> [Exercise goal] Pictures are to be left out; every line from the one that holds "Grilled venison steak" to the end of the data is to be retyped exactly.

──────── Dataset content ────────

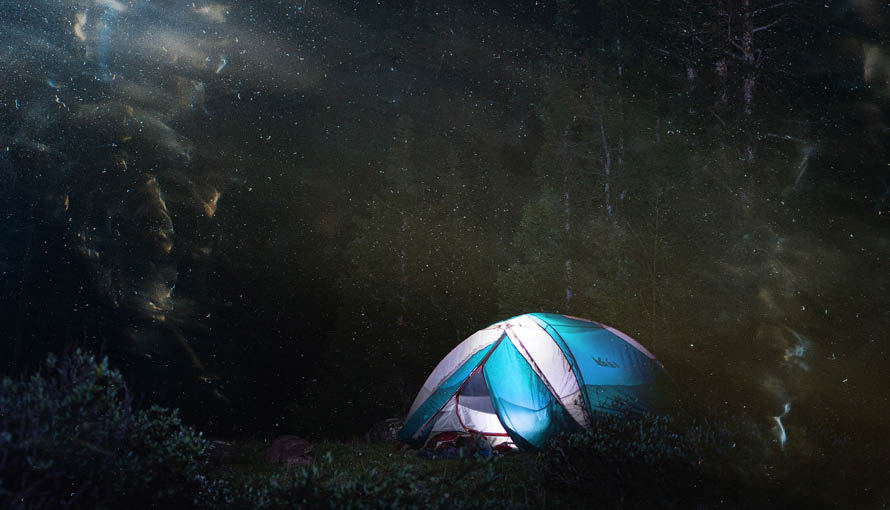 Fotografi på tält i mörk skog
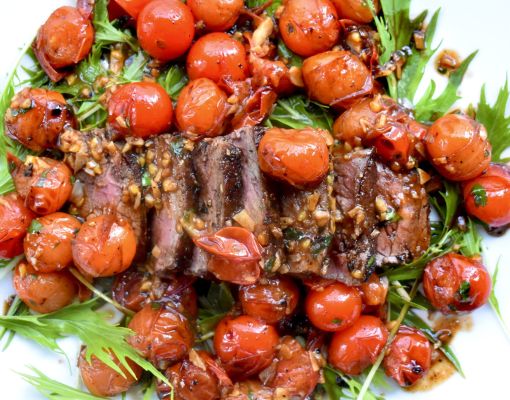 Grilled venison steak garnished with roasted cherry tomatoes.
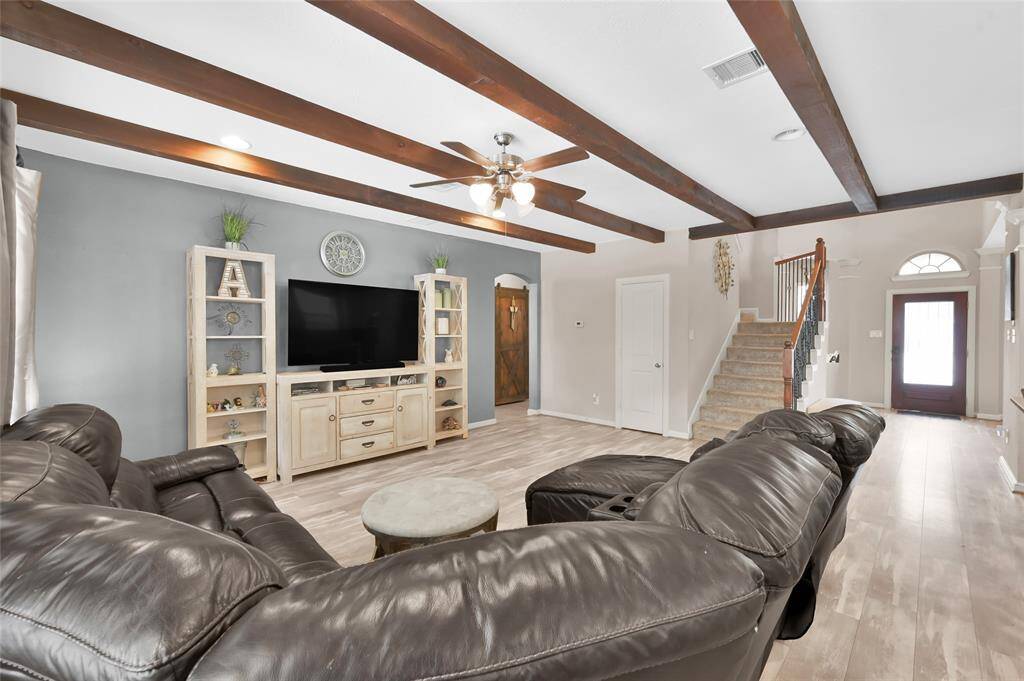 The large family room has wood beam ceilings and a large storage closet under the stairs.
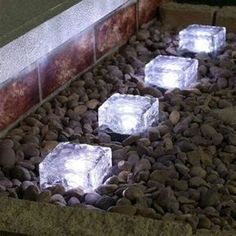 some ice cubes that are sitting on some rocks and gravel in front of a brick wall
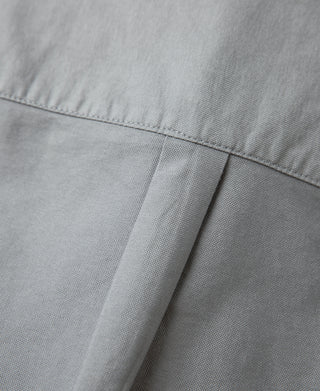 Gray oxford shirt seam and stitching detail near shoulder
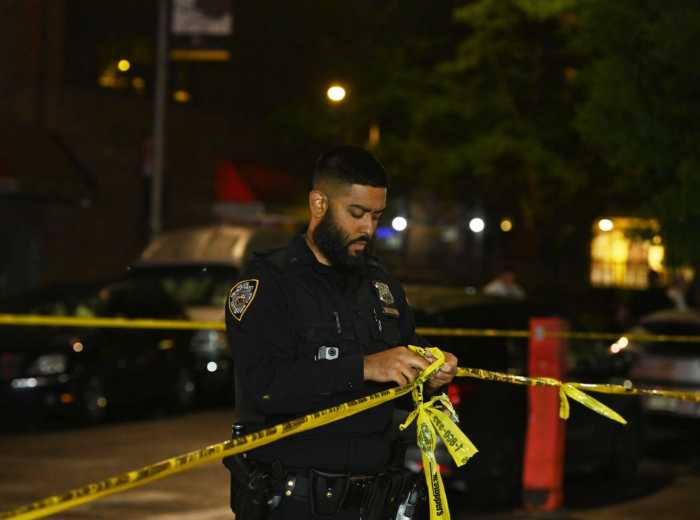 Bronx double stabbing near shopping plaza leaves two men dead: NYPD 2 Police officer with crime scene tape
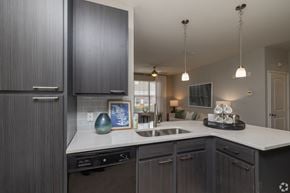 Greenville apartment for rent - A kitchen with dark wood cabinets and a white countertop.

────────

> [Your response]
 Grilled venison steak garnished with roasted cherry tomatoes.
 The large family room has wood beam ceilings and a large storage closet under the stairs.
 some ice cubes that are sitting on some rocks and gravel in front of a brick wall
 Gray oxford shirt seam and stitching detail near shoulder
 Bronx double stabbing near shopping plaza leaves two men dead: NYPD 2 Police officer with crime scene tape
 Greenville apartment for rent - A kitchen with dark wood cabinets and a white countertop.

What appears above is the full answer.